You don't have to be a writer to live under the spell of the ancient power and limitless beauty of the Hungarian language.

"You can really forget your mother tongue. But not only abroad, in the dominant atmosphere of foreign languages ​​or in the neighborhood - you can forget it here at home as well. If we don't use it for what it is meant for, the language withers. If we don't express the truth with her, and if we don't entrust her with our most urgent, burning dreams, she withers away, like women living without love" - ​​Sándor Csoóri.

I start my writing with a quote, because as a kind of literary ceremony I like to invoke our greats who lived under the spell of the Hungarian language. You don't have to be a writer to live under the spell of the ancient power and limitless beauty of the Hungarian language. If someone ponders a word even for a moment, then separates it from his everyday speech and says it over and over again, he will hear its ancient music, which pulsates through time from the depths of centuries and millennia.
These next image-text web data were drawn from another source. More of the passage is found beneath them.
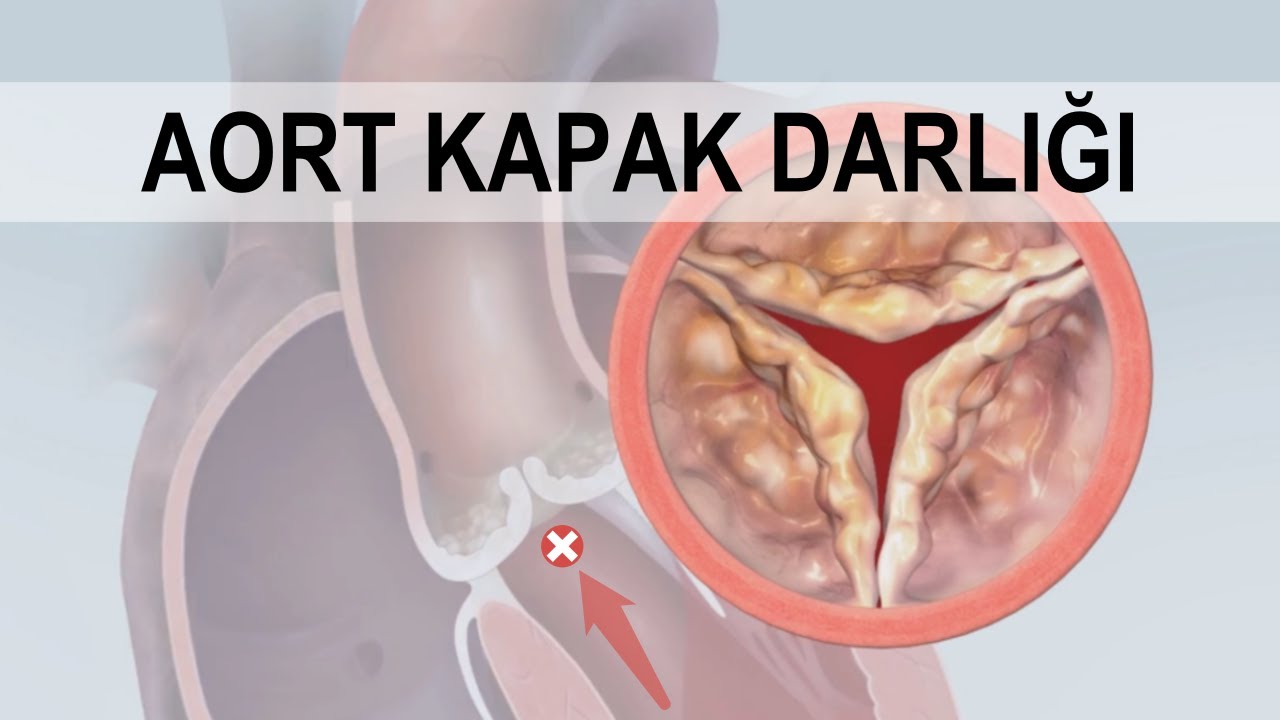 TAVI Procedure 6 TAVI Procedure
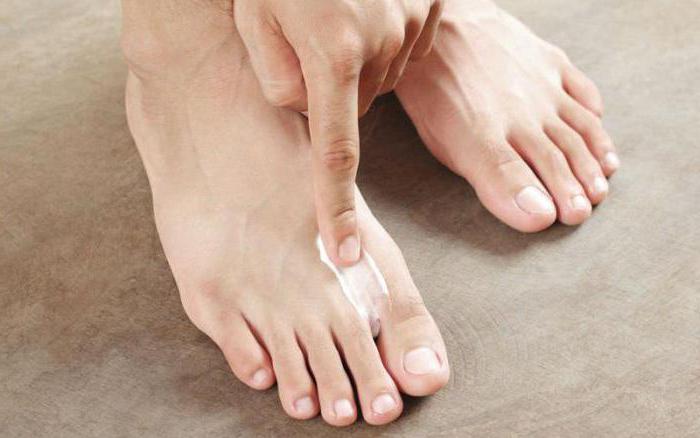 как избавиться от грибка ногтей на ногах
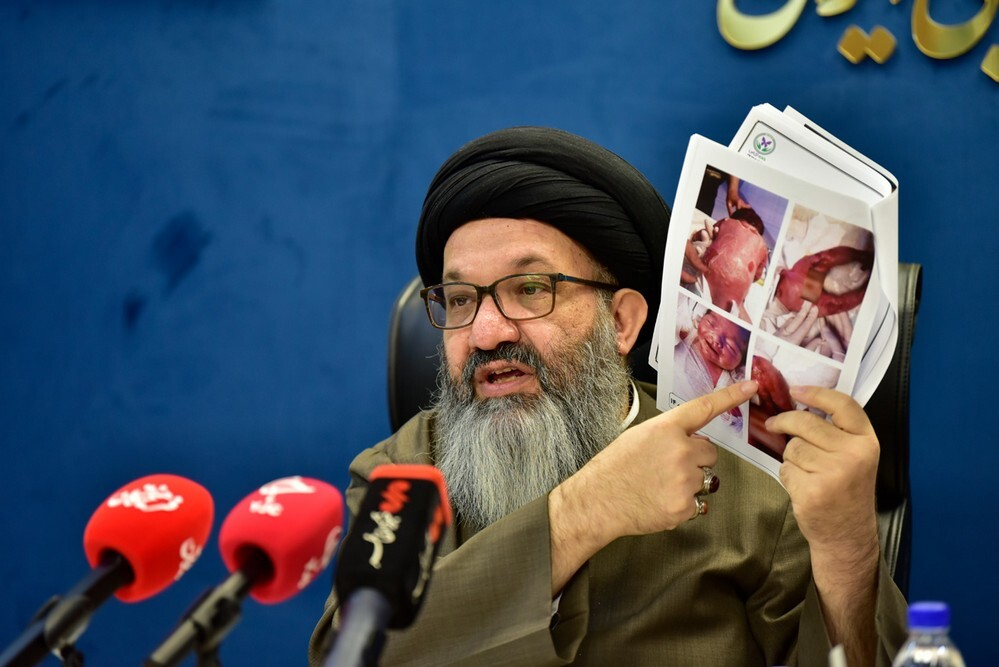 نشست خبری خانهایبی (مؤسسه حمایت از بیماران پروانهای)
It's an intoxicating feeling. There are words in which I hear the screeching of the devil's chariot in the wilderness, and there are also words in which the stone music of forest streams; one of my favorite words is autumn (or winter, as the csangó poet Demeter Lakatos wrote and said). As a writer, I love the Hungarian language, I am obsessed with it, but I don't sacrifice to it in a secret church, but in my everyday speech, when I talk to my son, write, or talk to my friend over a glass of wine. The Hungarian language is the only country to which I can escape, the only country in which I can build the worlds I dream of and put into words the nightmarish images that torment my mind.

And yes, I believe that anyone who knows Hungarian has a devil.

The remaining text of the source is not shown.